Posted on August 31, 2015 by Dan S

facebookpromotionYou may have mixed feelings about Facebook’s Promoted Posts system because while it’s an opportunity to improve your brand’s reach on social media, it’s also going to cost you money to participate. You may not be sure if you’ll see a good return on your investment. For those unfamiliar with Facebook’s Promoted Posts concept, it is an advertising service the social network offers in which you pay to have content from your business’s Facebook page show up in the news feeds of people who aren’t fans of your page in an effort to convert them into fans.

For example, a business in the online publishing business that can generate a compelling article prompting a high click-through conversion rate with their existing fans can use Promoted Posts to share the link leading to that article in non-fan news feeds to entice and attract new viewership.

The more fans you have that are interested in what your company is selling, the more free advertising opportunities you have. The idea behind the concept is you pay to get more fans, but see a return in growth over time by being able to establish a social media relationship with those fans. According to social media marketing firm Syncapse, a single Facebook fan can be worth around $174 in sales revenue to a brand. So it’s understandable that a business would want to get as many fans as possible.

Creating a Facebook page for your brand is free and keeping it running doesn’t cost you anything outside of having to pay the person that does the updating. However, it is very likely that the pay wall for Promoted Posts will make your company think twice about dropping money on it. It’s another expense to worry about. Trying out Promoted Posts is a gamble because you may gain a substantial number of fans or you may see very few new fans and feel like you’ve wasted your money.

Fortunately, the pay wall is not very steep. You could test the Promoted Posts waters with as little of an investment as $5. This is not a bank-breaking service. You may actually spend more time paying someone to run the business credit card and fill out an expense report than do a test run for Promoted Posts. So if you want to know if Promoted Posts will pay off for you, you’re better off making a small investment and seeing what happens than spending hours upon hours researching it. With a meager $20 a company could take their two best received Facebook posts and spend $10 on each to promote it. Facebook will then return how many new page follows you received from the promotions on those posts. If you like the number, go ahead and keep investing in small increments.
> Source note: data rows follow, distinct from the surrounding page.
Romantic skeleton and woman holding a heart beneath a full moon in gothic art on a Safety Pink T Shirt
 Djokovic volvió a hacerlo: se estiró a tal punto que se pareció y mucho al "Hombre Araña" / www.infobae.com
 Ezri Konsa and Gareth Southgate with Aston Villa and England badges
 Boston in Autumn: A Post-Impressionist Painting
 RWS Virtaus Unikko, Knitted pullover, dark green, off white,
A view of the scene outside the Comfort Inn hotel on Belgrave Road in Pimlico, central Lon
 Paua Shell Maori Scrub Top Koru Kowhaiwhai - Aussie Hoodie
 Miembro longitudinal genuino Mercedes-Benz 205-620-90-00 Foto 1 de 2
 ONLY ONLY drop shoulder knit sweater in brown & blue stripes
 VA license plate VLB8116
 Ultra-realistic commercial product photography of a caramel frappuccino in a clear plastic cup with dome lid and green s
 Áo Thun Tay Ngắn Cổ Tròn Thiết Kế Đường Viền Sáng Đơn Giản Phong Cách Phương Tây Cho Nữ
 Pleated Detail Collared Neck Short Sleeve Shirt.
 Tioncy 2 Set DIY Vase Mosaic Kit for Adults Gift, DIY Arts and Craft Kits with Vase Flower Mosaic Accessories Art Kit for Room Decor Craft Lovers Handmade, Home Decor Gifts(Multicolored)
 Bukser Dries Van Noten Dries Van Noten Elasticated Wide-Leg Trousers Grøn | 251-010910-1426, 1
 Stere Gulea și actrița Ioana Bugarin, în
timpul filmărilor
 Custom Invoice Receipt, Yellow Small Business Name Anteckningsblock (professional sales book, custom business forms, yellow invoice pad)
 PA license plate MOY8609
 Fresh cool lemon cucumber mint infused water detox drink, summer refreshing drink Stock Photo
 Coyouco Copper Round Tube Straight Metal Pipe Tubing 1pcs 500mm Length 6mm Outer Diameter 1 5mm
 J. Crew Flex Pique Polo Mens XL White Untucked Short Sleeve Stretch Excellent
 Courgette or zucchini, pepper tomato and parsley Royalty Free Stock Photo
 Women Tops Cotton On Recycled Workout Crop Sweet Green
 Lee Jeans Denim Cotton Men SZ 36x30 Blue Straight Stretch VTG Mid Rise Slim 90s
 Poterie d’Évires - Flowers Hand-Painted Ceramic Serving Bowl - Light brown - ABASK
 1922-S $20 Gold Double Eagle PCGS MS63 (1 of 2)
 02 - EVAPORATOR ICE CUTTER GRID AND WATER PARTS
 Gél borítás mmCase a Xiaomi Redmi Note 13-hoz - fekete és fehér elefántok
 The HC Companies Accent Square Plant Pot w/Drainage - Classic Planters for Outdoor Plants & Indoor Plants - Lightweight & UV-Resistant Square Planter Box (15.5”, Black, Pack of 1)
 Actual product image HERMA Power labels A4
Otherwise, you can look at your lost $20 as a good thing because you won’t have to spend any more time debating using the service.

You have a fair degree of control over who sees your Promoted Posts so you are more likely to appear in news feeds of people who are interested in you than ones that aren’t. A gyros restaurant in Chicago really doesn’t have a use for vegetarian fans from New York. Promoted posts work well for businesses that serve a local area because the service lets you target the feeds your content shows up in based on geographical location. Pages that target a decentralized audience may opt to target friends of fans instead. Additionally, niche businesses that operate in a restricted geographical area may also benefit from promoting to friends of fans because they’ll likely have overlapping interests.

If you already have a large following relative to your full potential audience, Promoted Posting may not be for you. You will have to spend more money to appear in more feeds of people who are less likely to be interested in your brand because you’ve already found them. However, pages with smaller followings that have not heavily tapped into their full potential audience are much more likely to see a large number of new fans for a modest investment.

Writer Bio: Dan S is a former news journalist turned web developer and freelance writer. He has a penchant for all things tech and believes the person using the machine is the most important element.